Procédure devant la cour :
Par une requête et un mémoire, enregistrés le 18 mars 2020 et le 8 octobre 2020, M. E... D... et Mme I... G... épouse D..., représentés par Me Leudet, demandent à la cour :
1°) d'annuler ce jugement du tribunal administratif de Nantes du 15 janvier 2020 ;
2°) d'annuler la décision implicite de la commission de recours contre les décisions de refus de visa d'entrée en France ;
3°) d'enjoindre, sous astreinte, à l'administration de délivrer un visa de long séjour au jeune J... D..., dans le délai de quinze jours à compter de la notification de l'arrêt à intervenir, ou, subsidiairement, et dans les mêmes conditions, de réexaminer la demande de visa de long séjour ;
4°) de mettre à la charge de l'Etat une somme de 2 000 euros sur le fondement des dispositions de l'article L. 761-1 du code de justice administrative.
Ils soutiennent que :
la commission de recours contre les décisions de refus de visa d'entrée en France a fait une inexacte appréciation des circonstances de l'espèce concernant l'identité et le lien familial les unissant au jeune J... D... ; la production de différents actes d'état civil, dont les informations contenues sont identiques, s'explique par la disparition des registres, de sorte que l'intention frauduleuse n'est pas établie ; par ailleurs, le nouvel acte de naissance établi en 2018 est, en tout état de cause, sans incidence sur l'authenticité de l'acte préexistant ; enfin, les critiques formées par le ministre de l'intérieur sur les irrégularités dont serait entaché l'acte de naissance ne sont pas fondées ;
la possession d'état est établie au regard des pièces versées au dossier ;
la décision contestée méconnaît les stipulations de l'article 8 de la convention européenne de sauvegarde des droits de l'homme et des libertés fondamentales et celles de l'article 3-1 de la convention internationale de New-York du 26 janvier 1990 relative aux droits de l'enfant.
Par un mémoire en défense, enregistré le 30 juillet 2020, le ministre de l'intérieur conclut au rejet de la requête.
Il soutient qu'aucun des moyens de la requête n'est fondé.
Vu les autres pièces du dossier ;
Vu
la convention européenne de sauvegarde des droits de l'homme et des libertés fondamentales ;
la convention internationale de New-York du 26 janvier 1990 relative aux droits de l'enfant ;
le code de l'entrée et du séjour des étrangers et du droit d'asile ;
le code des relations entre le public et l'administration ;
le code de justice administrative.
Les parties ont été régulièrement averties du jour de l'audience.

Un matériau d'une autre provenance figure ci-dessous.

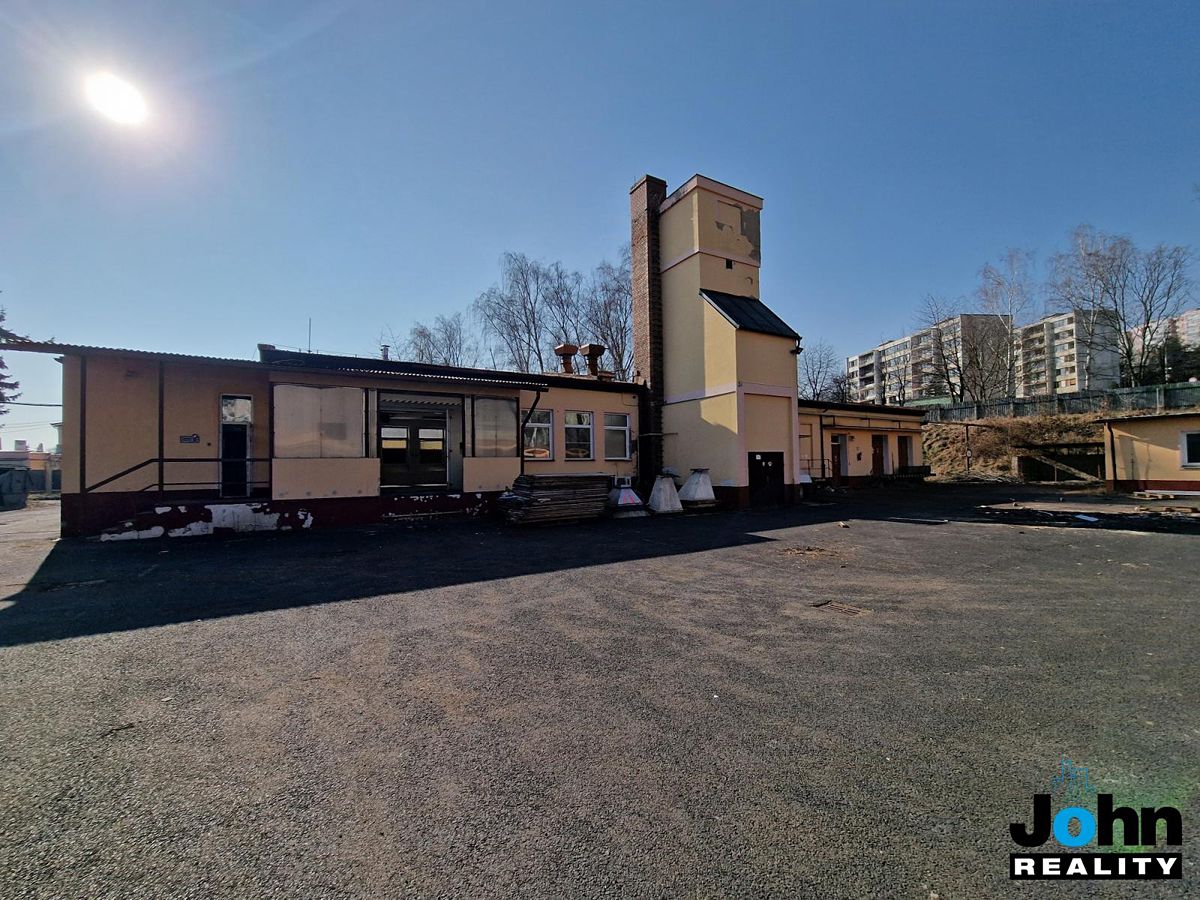 Pronájem výrobní haly, prostoru 500 m² – fotografie 2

Ont été entendus au cours de l'audience publique :
- le rapport de M. L'hirondel,
- les conclusions de M. Giraud, rapporteur public,
et les observations Me Pollono, substituant Me Leudet, représentant M. et Mme D....
Considérant ce qui suit :
1. M. E... D... et Mme I... G..., son épouse, de nationalité haïtienne, ont sollicité le bénéfice du regroupement familial pour leur fils allégué J... D..., ressortissant haïtien né le 29 septembre 2002 à Carrefour (Haïti). Par une décision du 24 octobre 2018, le préfet de la Marne a fait droit à leur demande. Le 27 décembre 2018, une demande de visa a été déposée pour l'enfant J... D... auprès des autorités consulaires françaises à Port-au-Prince. Par une décision du 14 janvier 2019, les autorités consulaires ont rejeté la demande de visa. Saisie d'un recours contre cette décision consulaire, la commission de recours contre les décisions de refus de visa d'entrée en France l'a rejeté par une décision implicite. M. et Mme D... relèvent appel du jugement du 15 janvier 2020 par lequel le tribunal administratif de Nantes a rejeté leur demande tendant à l'annulation de la décision implicite de la commission de recours.

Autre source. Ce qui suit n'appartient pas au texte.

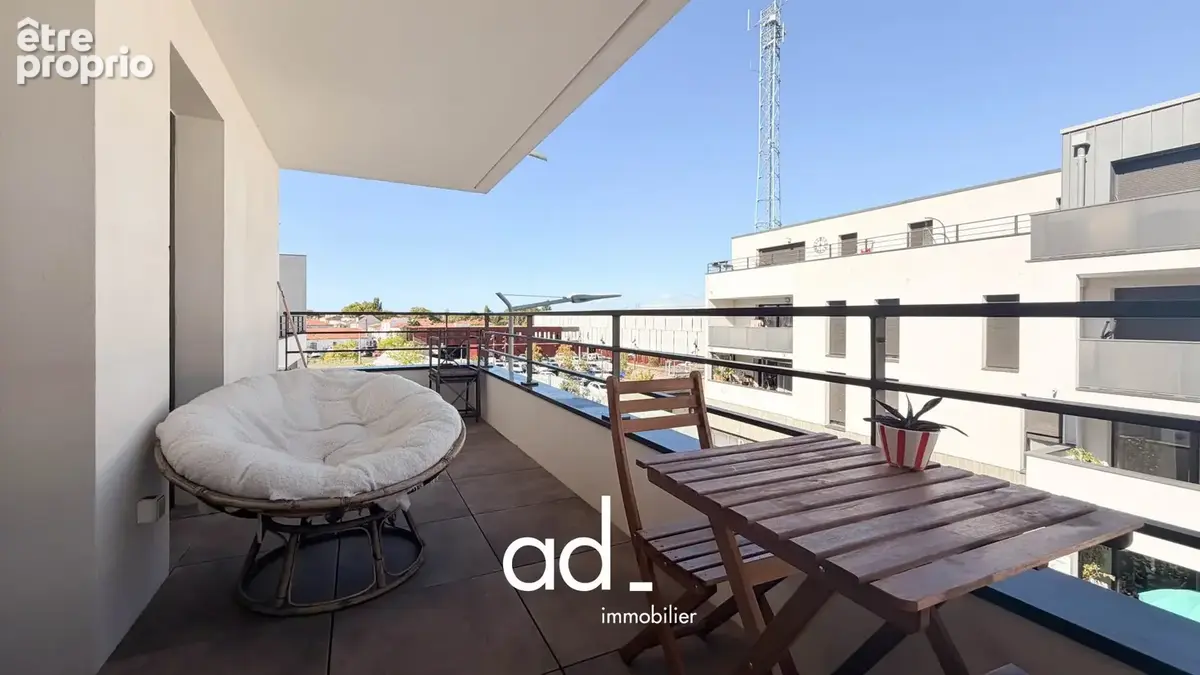 Appartement à LA ROCHELLE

Sur les conclusions à fin d'annulation :
2. En premier lieu, l'article L. 111-6 du code de l'entrée et du séjour des étrangers et du droit d'asile prévoit, en son premier alinéa, que la vérification des actes d'état civil étrangers doit être effectuée dans les conditions définies par l'article 47 du code civil. L'article 47 du code civil dispose quant à lui que : " Tout acte de l'état civil des Français et des étrangers fait en pays étranger et rédigé dans les formes usitées dans ce pays fait foi, sauf si d'autres actes ou pièces détenus, des données extérieures ou des éléments tirés de l'acte lui-même établissent, le cas échéant après toutes vérifications utiles, que cet acte est irrégulier, falsifié ou que les faits qui y sont déclarés ne correspondent pas à la réalité ".

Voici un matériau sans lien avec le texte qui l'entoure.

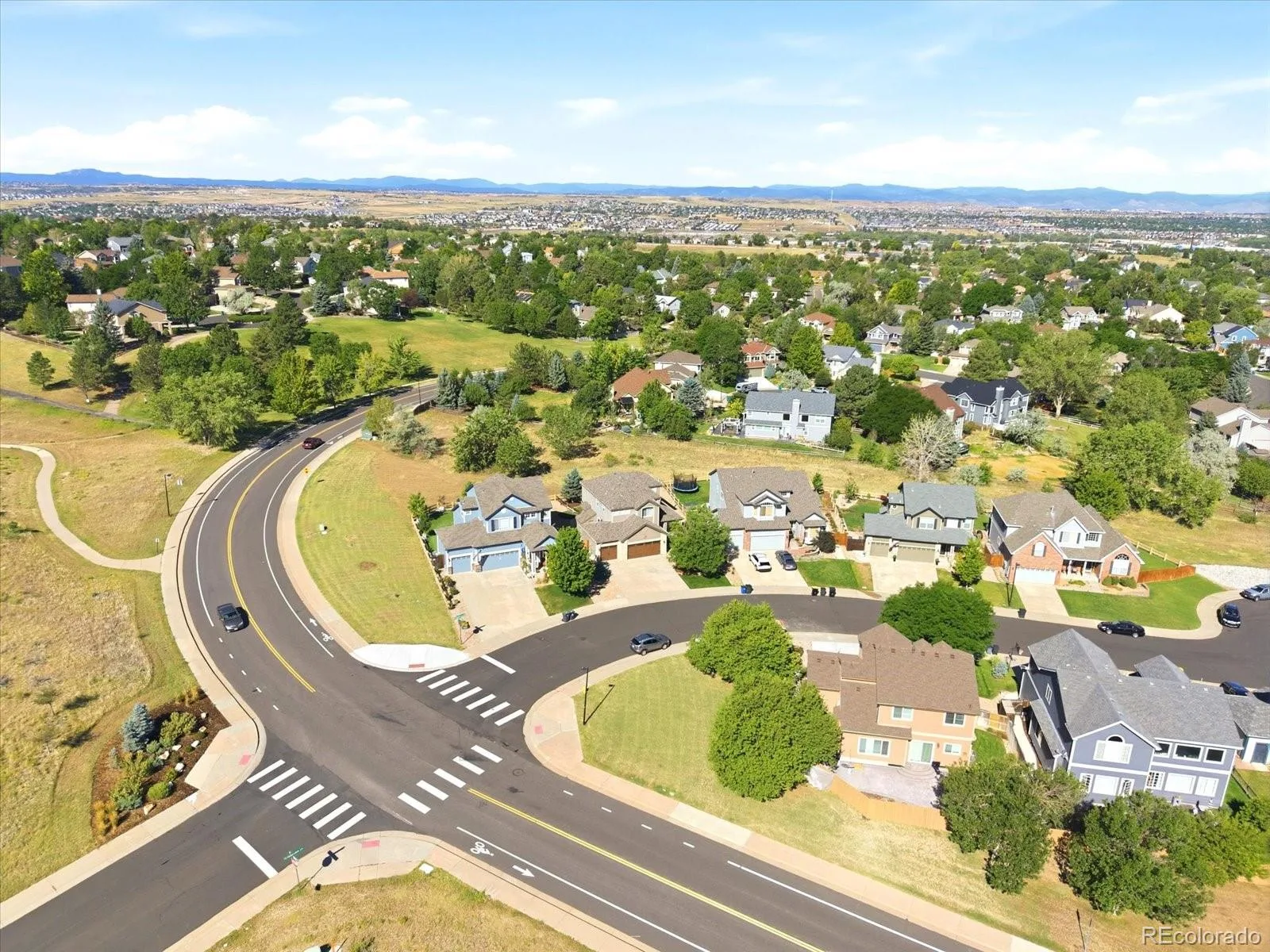 11590 Ridgeview Court Parker CO 80138 | MLS #REC6578126 07312026191143 1600 36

3. Il résulte de ces dispositions que la force probante d'un acte d'état civil établi à l'étranger peut être combattue par tout moyen susceptible d'établir que l'acte en cause est irrégulier, falsifié ou inexact. En cas de contestation par l'administration de la valeur probante d'un acte d'état civil établi à l'étranger, il appartient au juge administratif de former sa conviction au vu de l'ensemble des éléments produits par les parties. Pour juger qu'un acte d'état civil produit devant lui est dépourvu de force probante, qu'il soit irrégulier, falsifié ou inexact, le juge doit en conséquence se fonder sur tous les éléments versés au dossier dans le cadre de l'instruction du litige qui lui est soumis.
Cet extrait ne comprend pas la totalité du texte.